## WHAT YOU WILL DO
The material below is to be copied exactly from the line with "포토스(별분지) + 영양액" up to and including the line with "Green Crack (FEM)", with nothing else kept and no pictures.
EXCERPTED RECORDS Block Start
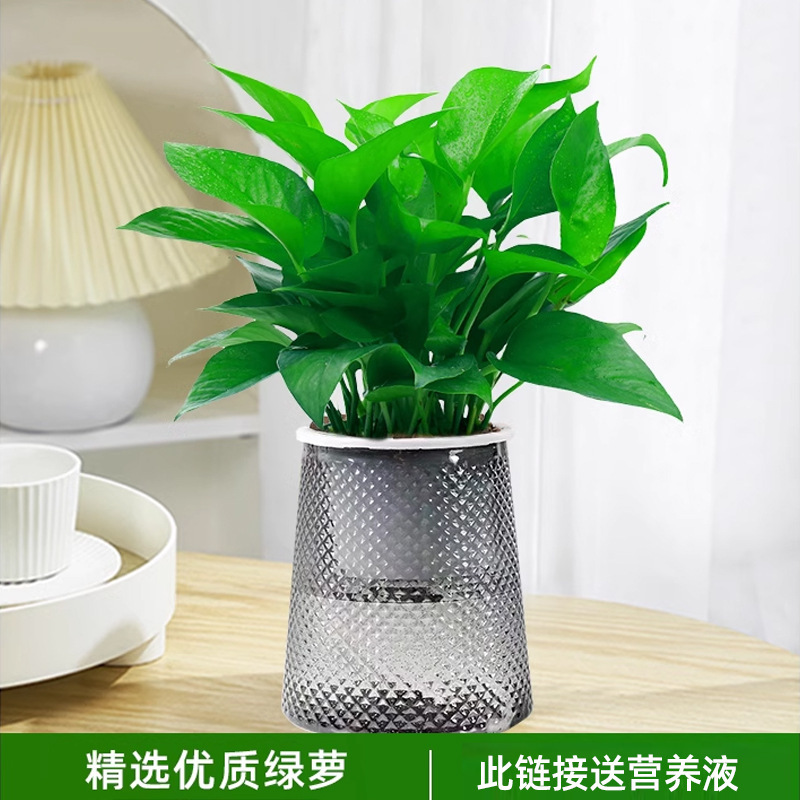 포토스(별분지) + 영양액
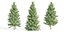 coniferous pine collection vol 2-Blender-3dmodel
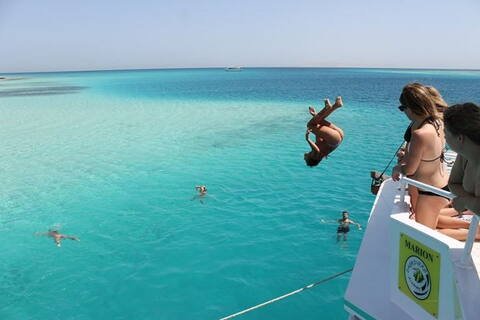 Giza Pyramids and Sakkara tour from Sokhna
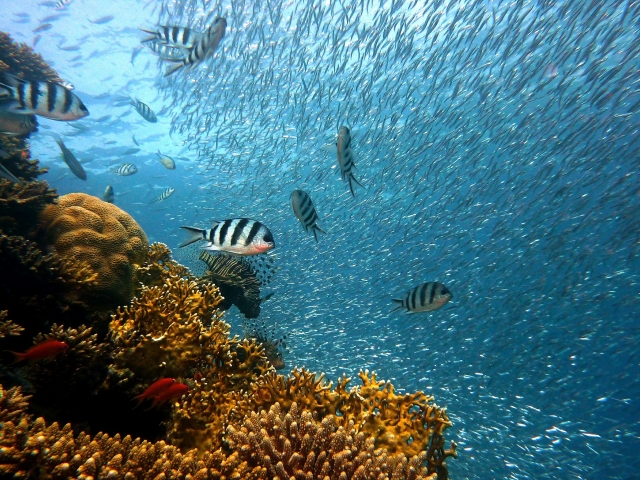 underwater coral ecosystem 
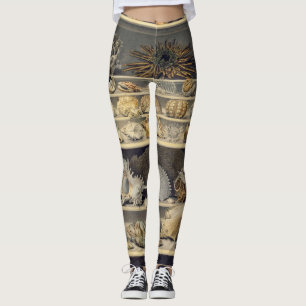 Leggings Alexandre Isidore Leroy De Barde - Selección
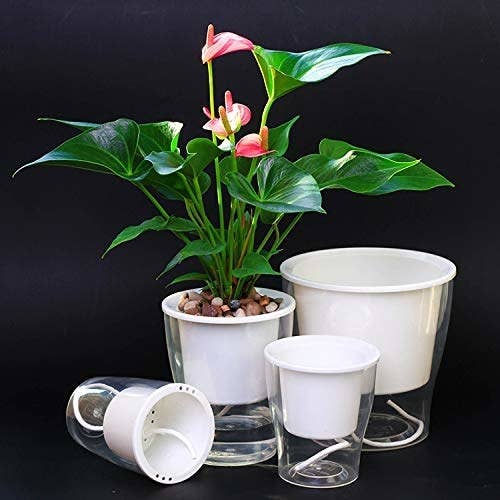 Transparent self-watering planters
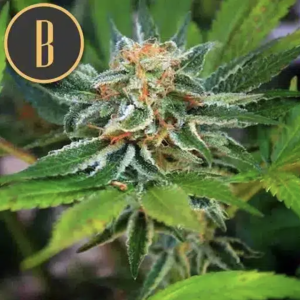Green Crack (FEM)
EXCERPTED RECORDS Block End
EXCERPTED RECORDS Block Start
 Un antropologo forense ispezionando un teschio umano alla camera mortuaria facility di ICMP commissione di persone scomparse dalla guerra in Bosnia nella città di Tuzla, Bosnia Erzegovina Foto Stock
EXCERPTED RECORDS Block End
EXCERPTED RECORDS Block Start
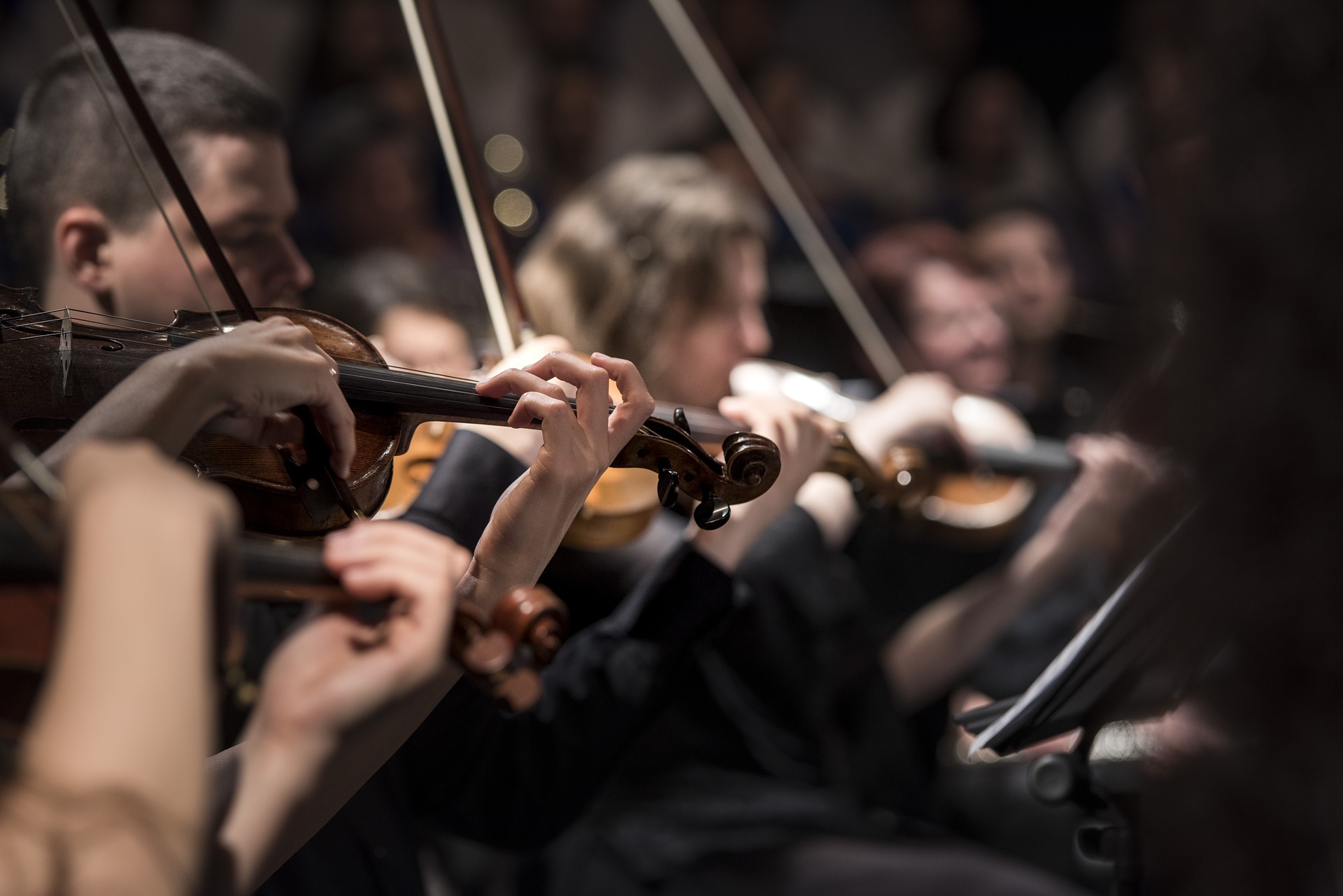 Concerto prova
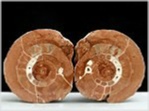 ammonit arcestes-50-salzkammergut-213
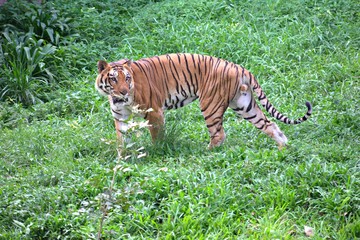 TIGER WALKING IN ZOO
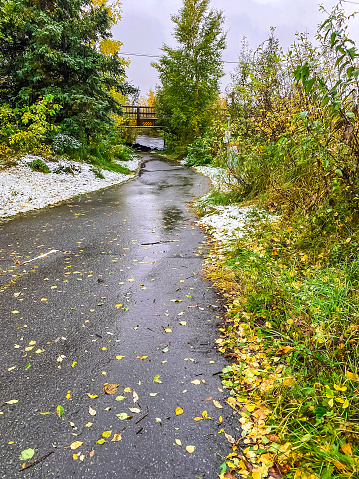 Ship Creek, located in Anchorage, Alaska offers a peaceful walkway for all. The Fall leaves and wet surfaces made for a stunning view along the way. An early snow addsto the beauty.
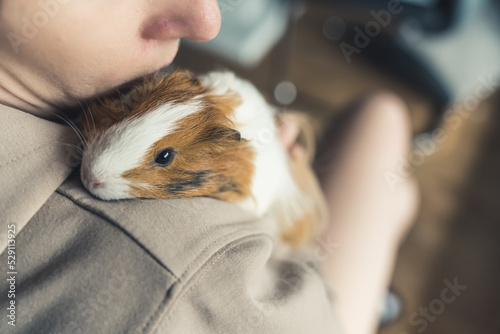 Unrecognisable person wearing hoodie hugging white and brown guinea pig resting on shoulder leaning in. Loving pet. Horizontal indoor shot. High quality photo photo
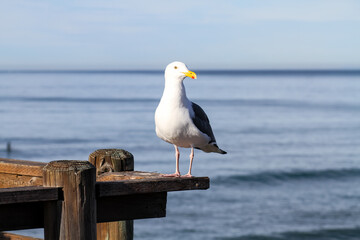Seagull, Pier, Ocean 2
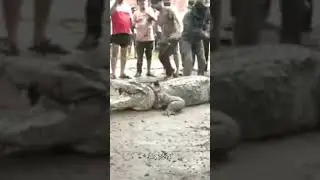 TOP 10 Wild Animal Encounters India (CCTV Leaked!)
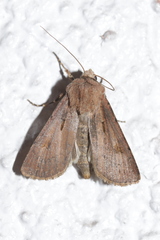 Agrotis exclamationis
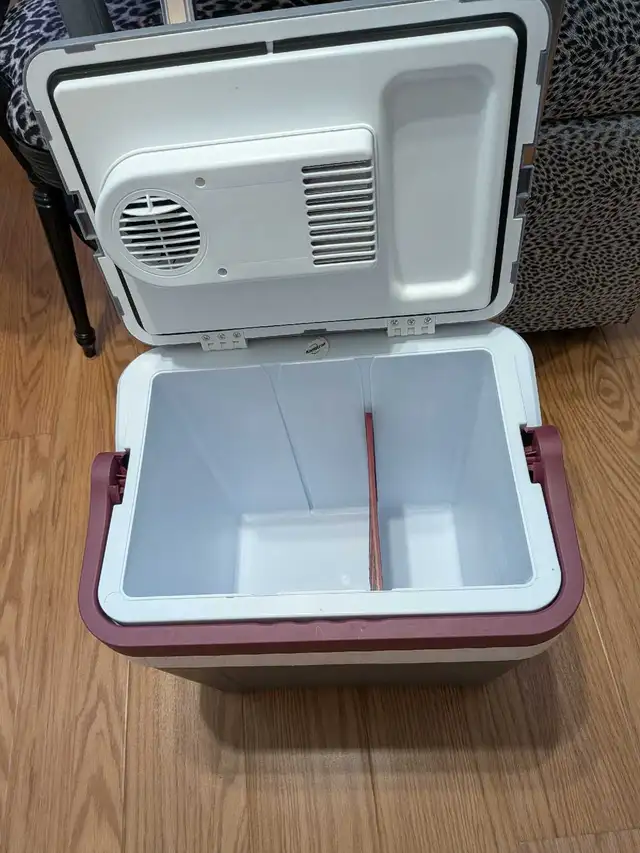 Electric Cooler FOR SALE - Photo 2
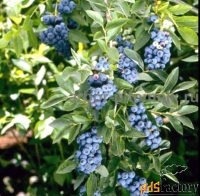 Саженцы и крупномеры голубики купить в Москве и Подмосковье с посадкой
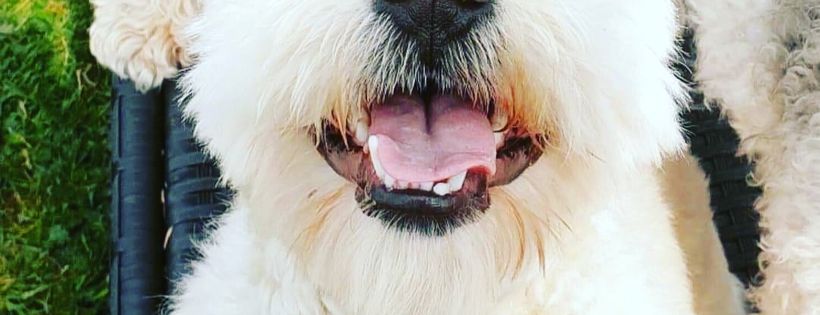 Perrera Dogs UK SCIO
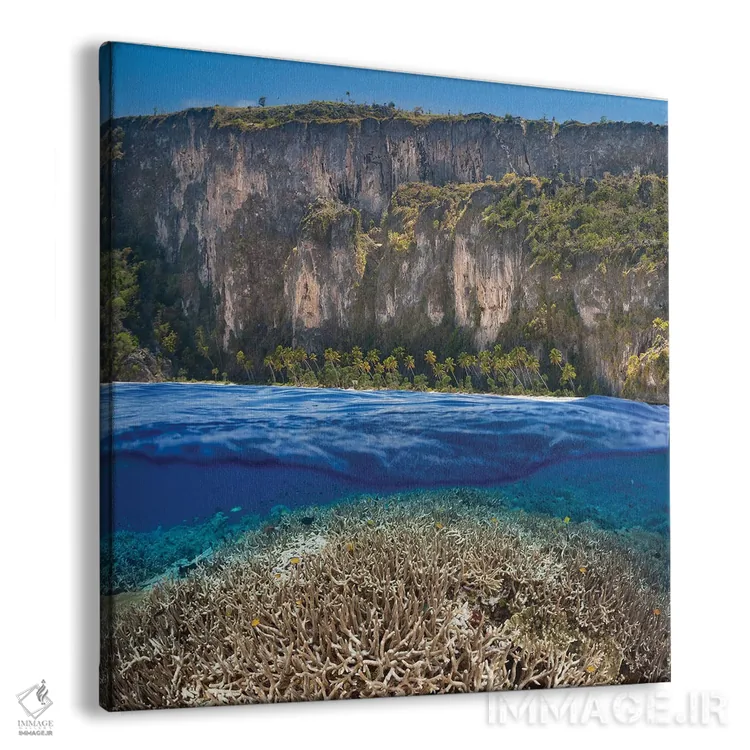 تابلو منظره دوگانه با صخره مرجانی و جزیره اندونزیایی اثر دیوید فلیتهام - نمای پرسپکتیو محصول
EXCERPTED RECORDS Block End
## ANSWER
 포토스(별분지) + 영양액
 coniferous pine collection vol 2-Blender-3dmodel
 Giza Pyramids and Sakkara tour from Sokhna
 underwater coral ecosystem 
 Leggings Alexandre Isidore Leroy De Barde - Selección
 Transparent self-watering planters
Green Crack (FEM)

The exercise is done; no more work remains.